Le caratteristiche agronomiche di questi terreni mostrano un buon rapporto tra le tre frazioni granulometriche: 30/35% di sabbia, buona presenza di limo e una piccola frazione di argilla, non così abbondante da procurare danni alle piante ma sufficiente a garantire alla vite una buona ritenzione idrica così da superare indenne periodi di siccità estiva.
Questi terreni sono particolarmente adatti a produrre vini fini, sottili, molto eleganti, con una buona concentrazione zuccherina, e quindi con una buona alcolicità naturale, mai pesanti o stucchevoli. In questi suoli l’eleganza è l’aspetto che viene maggiormente premiato nella produzione dei vini.
L’agronomo di Villa Petriolo Roberto Abate ha approfittato di questa mattinata invernale per mostrarci il metodo di potatura delle viti di Sangiovese nel vigneto delle rose, da cui cresce il Chianti DOCG Rosae MnemoSis.
In questo periodo le nostre piante sono nel pieno della fase fenologica del riposo vegetativo ed è questo dunque il momento migliore per eliminare i tralci che nell'annata scorsa hanno portato i grappoli a maturazione. La potatura, che consente di mantenere la pianta nella sua forma adatta al sistema di allevamento prescelto, è allo stesso tempo una pratica invasiva e necessaria. Invasiva perché le ferite inferte possono favorire la penetrazione all'interno dei tessuti legnosi di funghi parassitari che possono danneggiare gravemente il tronco e a volte addirittura provocarne la morte. Necessaria perché la vite, se non viene potata, non è in grado di produrre uve in quantità ed in qualità adatte alla vinificazione. Non dobbiamo dimenticarci che la vite è in sostanza una liana che lasciata libera di crescere si arrampica velocemente su tutori e produce bacche solo per la produzione di semi in grado di riprodurre altre piante.
La potatura quindi è una operazione molto delicata, fondamentale per il raggiungimento dell'equilibrio vegeto-produttiva della pianta stessa e fondamentale per il mantenimento dell'efficienza dei ceppi. Molte sono le occasioni in cui si parla di potatura dei vigneti, molte sono le forme di allevamento che cambiano da una zona viticola all'altra o da un vitigno all'altro.

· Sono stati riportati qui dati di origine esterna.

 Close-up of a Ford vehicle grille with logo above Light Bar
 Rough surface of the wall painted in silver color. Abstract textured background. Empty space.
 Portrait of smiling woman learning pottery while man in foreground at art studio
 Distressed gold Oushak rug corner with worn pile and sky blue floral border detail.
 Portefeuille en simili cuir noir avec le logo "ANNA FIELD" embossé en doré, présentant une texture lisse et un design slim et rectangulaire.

Per tutti però la regola principale da applicare è sempre la stessa: raggiungere gli obiettivi (cioè mantenere la forma e l'equilibrio della pianta) contenendo il più possibile i danni e limitando al minimo le dimensioni delle ferite.

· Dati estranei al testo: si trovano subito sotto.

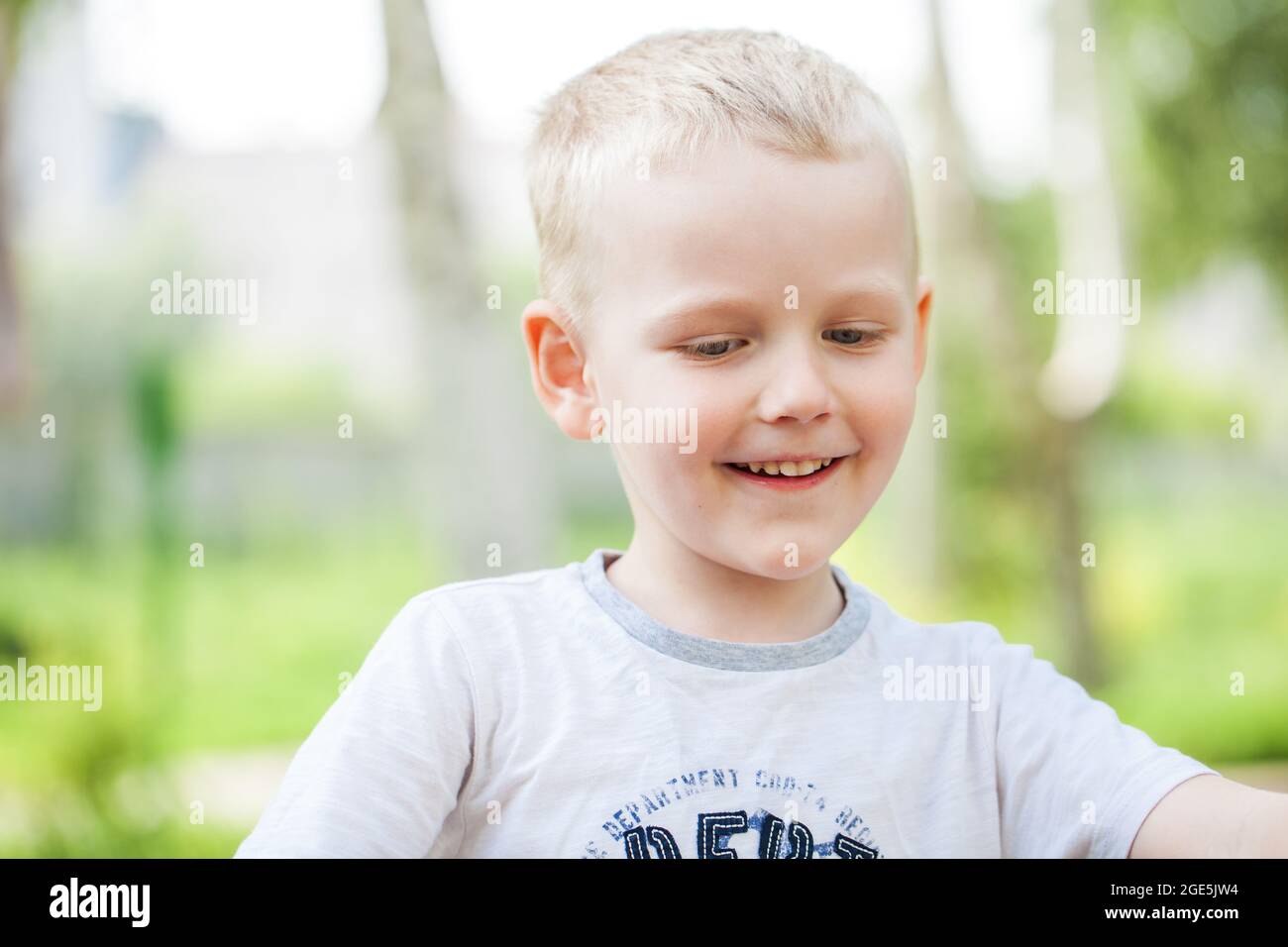 Close-up portrait of a little boy in a summer park Stock Photo - Alamy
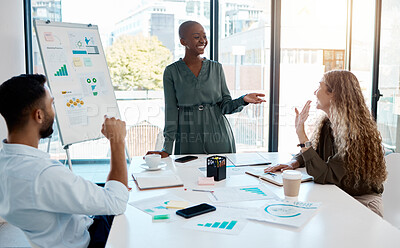 Buy stock photo Black business woman giving a presentation with data, charts and graphs at a team meeting. Diversity, creative and marketing workers and manager planning a work project in the corporate office.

Questa operazione non deve essere eseguita quando le piante non sono ancora completamente nella fase di riposo vegetativo e deve essere completata prima che le radici risvegliate dai primi tepori primaverili comincino a pompare linfa nei vasi linfatici in preparazione del germogliamento: operando con queste modalità, verranno rispettati i ritmi fisiologici della natura senza forzature.